Now that we understand the encoder/decoder architecture, we can see how it can be useful for tasks such as text translation or text to code. Essentially any problem that involves converting a sequence into something new can take advantage of the encoder/decoder architecture.
Decoder Only
Now let’s talk about how the decoder only architecture works. In a decoder-only transformer architecture, the focus is solely on “transforming” an input sequence into an output sequence. This type of architecture is quite powerful and forms the basis for models like GPT, which generate human-like text.
Let’s understand this using an example. Suppose we’re training a transformer to generate a piece of news text based on a given headline. The input would be the headline, and the output would be the generated news text. The process starts a positionally encoded input sequence (the headline).

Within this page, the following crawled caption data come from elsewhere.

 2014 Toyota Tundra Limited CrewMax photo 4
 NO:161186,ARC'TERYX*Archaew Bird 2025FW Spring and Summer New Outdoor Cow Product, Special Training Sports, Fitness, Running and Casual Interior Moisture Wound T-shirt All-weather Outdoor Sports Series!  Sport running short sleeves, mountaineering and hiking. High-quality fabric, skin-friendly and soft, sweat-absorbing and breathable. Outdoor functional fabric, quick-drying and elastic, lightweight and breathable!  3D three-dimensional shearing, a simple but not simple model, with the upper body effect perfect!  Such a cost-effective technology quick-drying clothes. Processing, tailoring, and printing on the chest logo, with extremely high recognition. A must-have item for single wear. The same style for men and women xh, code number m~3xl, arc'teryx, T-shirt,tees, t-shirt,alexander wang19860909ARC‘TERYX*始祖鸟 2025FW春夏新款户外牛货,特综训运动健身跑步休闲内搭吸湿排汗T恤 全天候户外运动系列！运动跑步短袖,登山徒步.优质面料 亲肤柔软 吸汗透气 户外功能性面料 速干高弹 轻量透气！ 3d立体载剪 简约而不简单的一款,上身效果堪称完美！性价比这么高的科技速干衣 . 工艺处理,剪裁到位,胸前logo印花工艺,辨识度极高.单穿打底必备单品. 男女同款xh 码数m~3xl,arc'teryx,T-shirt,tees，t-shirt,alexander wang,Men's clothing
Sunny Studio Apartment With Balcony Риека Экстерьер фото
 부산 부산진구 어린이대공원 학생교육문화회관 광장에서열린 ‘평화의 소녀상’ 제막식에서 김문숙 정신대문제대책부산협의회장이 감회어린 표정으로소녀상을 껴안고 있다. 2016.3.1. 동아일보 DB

The encoded input then passes through a masked multi-head attention layer. Remember that the ‘attention’ mechanism allows the transformer to focus on different parts of the input sequence at different times, understanding the context and relationships between the words. Also recall that the ‘masking’ ensures that the model only considers the current and previous words, not the future ones, when predicting the next word. This way, the model learns to generate text that logically follows from the given input.

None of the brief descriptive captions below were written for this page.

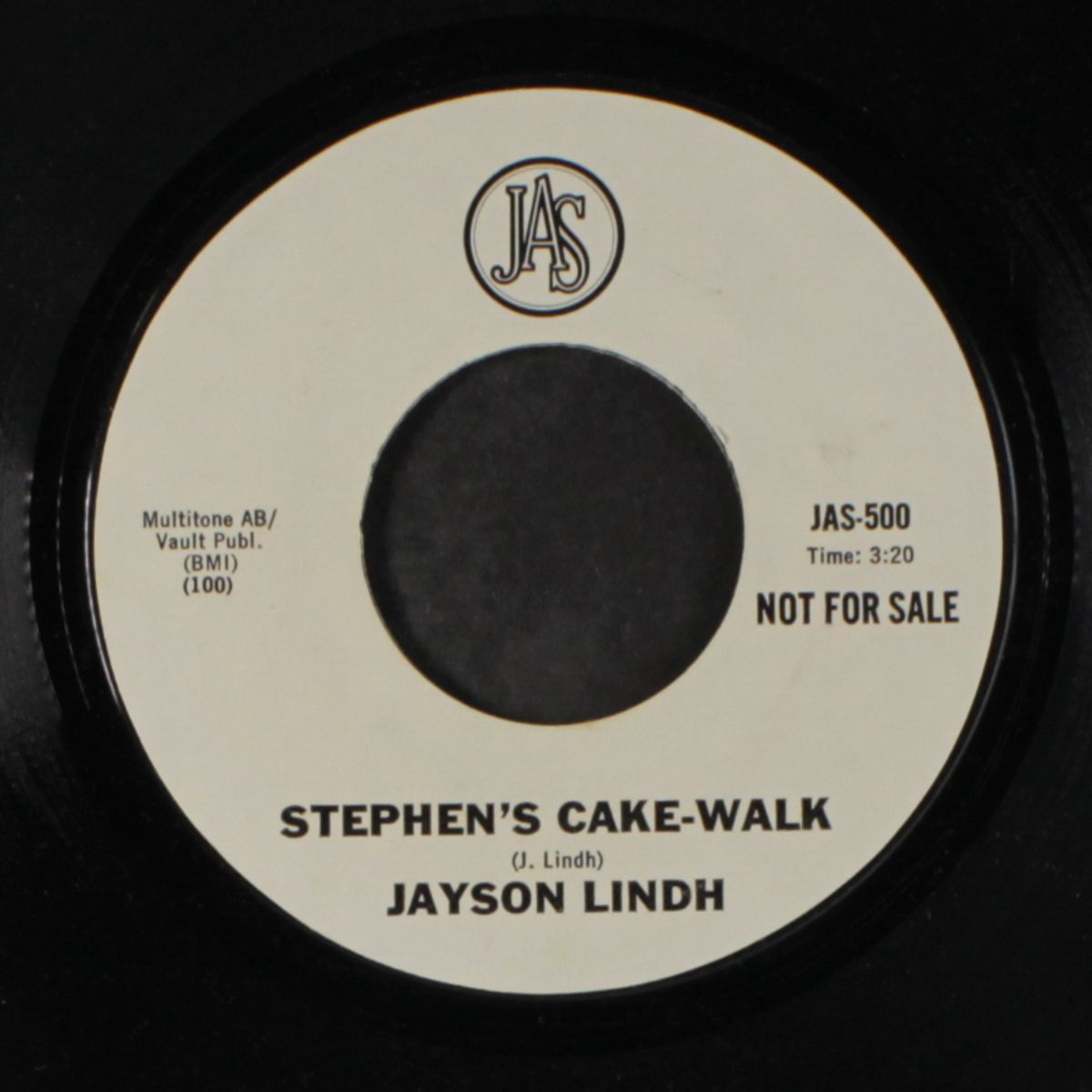 stephen's cake-walk / short by JAYSON LINDH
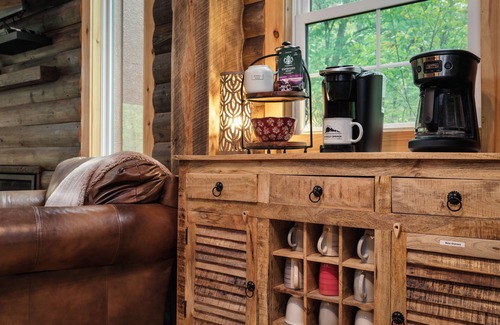 Berkeley Springs Cabina | 🫎Moose Lodge⭐️Secluded 5 STAR Cabin🪵Close to TOWN🌙Hot Tub under the stars🌲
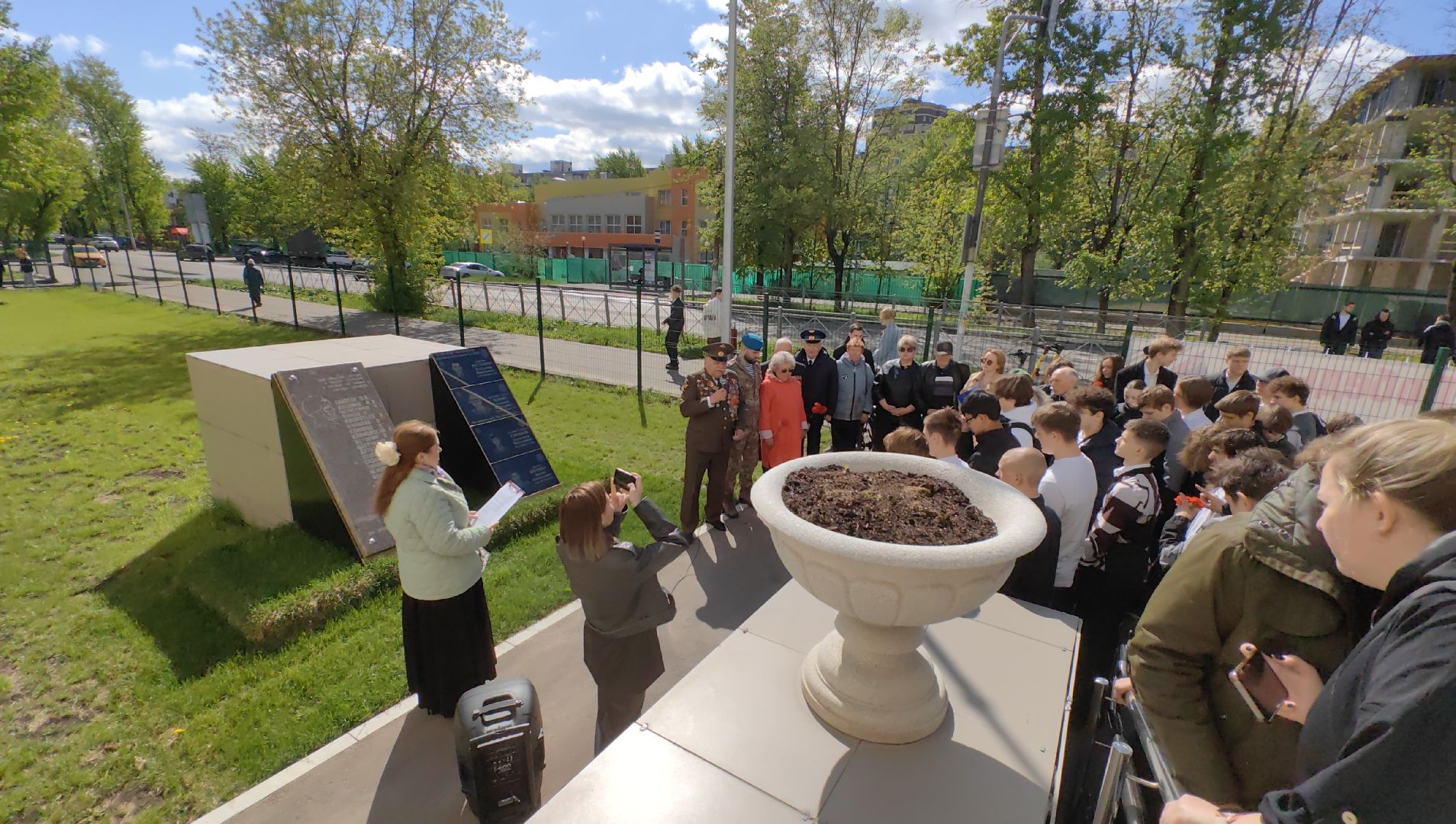 мемориальная доска, возложение цветов, ветеран, студенты, колледж,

Next, the model goes through a feed-forward layer. This is a simple neural network that adds depth to the model’s understanding, allowing it to capture more complex patterns and relationships in the data.
The output of the feed-forward network is then used to predict the next word in the output sequence. The process repeats, with each new word being added to the input for the next prediction, until a full news text is generated from the given headline.
So, in summary, a decoder-only transformer architecture takes an input sequence, pays ‘attention’ to its context, learns from it using a feed-forward network, and generates a relevant output sequence based on what it’s learned. This makes it ideal for tasks like text generation, where the goal is to produce coherent and contextually relevant text based on a given input.
Coding my Own Transformer
After I had learned how the internals of the transformer worked, I sought out to build my own. I followed along Andrej Karpathy’s tutorials and annotated each line of code to make sure I understood the point behind each line, layer, and matrix operation. This implementation uses torch which is an excellent machine learning library that was very beginner friendly (this was my first time using it). The point of the transformer I trained be able to write in a style similar to Shakespeare. I had a file that contained all of Shakespeare’s works and randomly sampled input sequences from it for training data.
You can find the code here:
(Currently only the decoder implementation works; encoder still in the works)
While the explanation above is very beginner friendly, the code goes a little more in depth and explains the internals of the transformer. Specifically it implements the key, query, value method of self attention that we didn’t necessarily go over. It also implements layer normalization which we didn’t cover in depth.
I recommend going over the code and trying to understand how the structure of the code translates to the diagram we saw above. After coding the transformer, I have definitely gained a deeper understanding of the architecture and how intuitive operations like self attention really are.
Conclusion
And that’s it! You now have a solid understanding of how a transformer works and a good starting point for exploring this architecture further.